LOTRO: Out of the Frying Pan, Into the Fire
Considering that the Mordor expansion for LOTRO was released on August 2nd last year, I’ve made precious little progress. I don’t like the zone for reasons I’ve mentioned in a previous blog post, yet I now find myself in a position where I need to clear through its content, so I can move on to the new regions that have become available with Update 22 – Legacy of the Necromancer. So, I decided to see if I could just get away with just completing the central Epic Story and ignoring the secondary quest lines. However, I have once again ground to a halt due to what I consider to be excessive grind. Having entered the fortress of Durthang, I found that rather than offer any sort of meaningful tactical challenge, I was instead just confronted with a series of rooms which are all densely packed with mobs. Furthermore, as the Mordor is effectively a gear check due to the additional ten levels that Standing Stone Games have added to the MMO, all mobs in Mordor have been arbitrarily adjusted. As a result, they are demonstrably harder to kill than those in the Dagorlad Waste or North Ithilien.
Gear checks and difficulty adjustments are frequently necessary in the MMO genre and I have no problem in principle as to what SSG have done with Mordor. You can justify making the region more difficult just on lore alone. However, the developers have not upped the ante through a new mechanic or by grouping particular types of mobs together to offer a tactical challenge. It would appear that enemies have simply had their moral and defensive attributes “turned up”. The net result is that combat isn’t any more taxing in so far as planning and skill. It just takes longer to burn down an enemy. Therein lies the rub. All players have different tolerance levels and degrees of patience when it comes to combat, as it is such a fundamental aspect of the MMO genre. There is a fine and subjective line between what is challenging and what is tedious. Combat in Mordor doesn’t require a new strategy, it just requires time. A lot of time. And as regular readers know, I tend to view my gaming through the prism of an equation. Time and effort plus sundry other variables offset against the expected results. In a nutshell, Mordor is taking too long and thus negating any enjoyment.
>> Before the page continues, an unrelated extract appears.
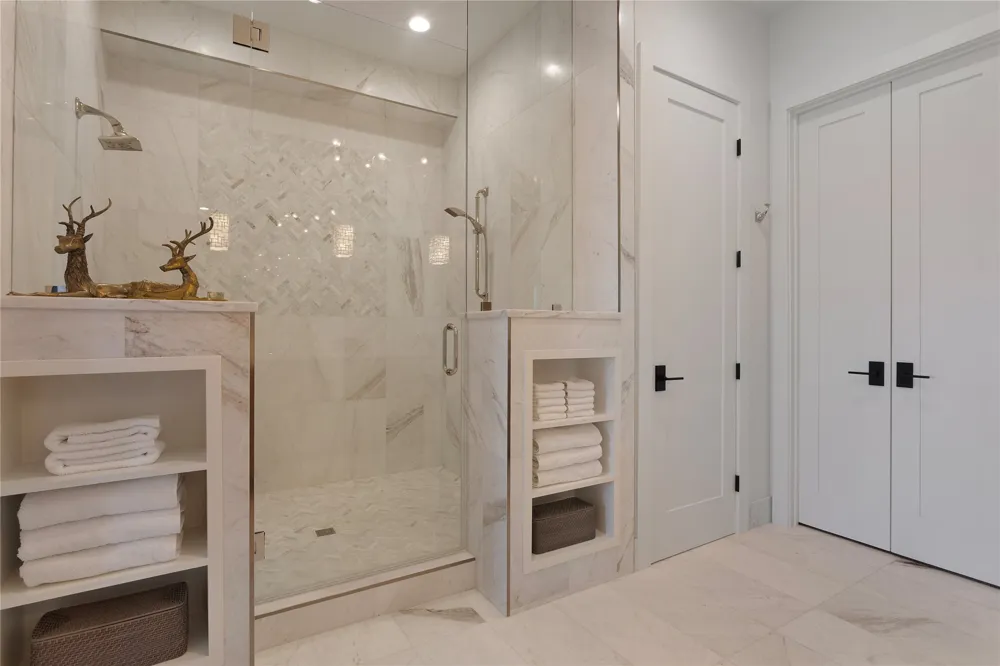 207 Florentine Horseshoe Bay, TX 78657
I wrote a post about alternative ways of levelling recently but ultimately it solves one problem only to cause another. It is possible to hit the new level cap outside of Mordor, however such a strategy will leave you without any suitable new gear. I received a new pair of Gloves as a quest reward and although they are only uncommon quality, they have an 100% increase in armour value to those I had equipped. The stats are not to be sneezed at either. What this demonstrates is that SSG expect players to progress through Mordor to acquire more robust gear. If you then play through the endgame content, you’ll receive top tier items to further improve your build. Furthermore, Dale, Erebor and the other new areas in Update 22 are of a comparable difficulty to Mordor. Hence if you go directly to the new region without acquiring any new Mordor related gear, you’ll have seriously gimped yourself. Thus, it presents players struggling to catch up with an interesting dilemma. Do you gird your loins and “endure” the grind of Mordor, or go to new zone and slog through quests there in an underpowered state? It does seem a case of “out of the frying pan, into the fire”. However, there is also a third option. Go play something else, which is what I shall do while I considering a solution to this current problem.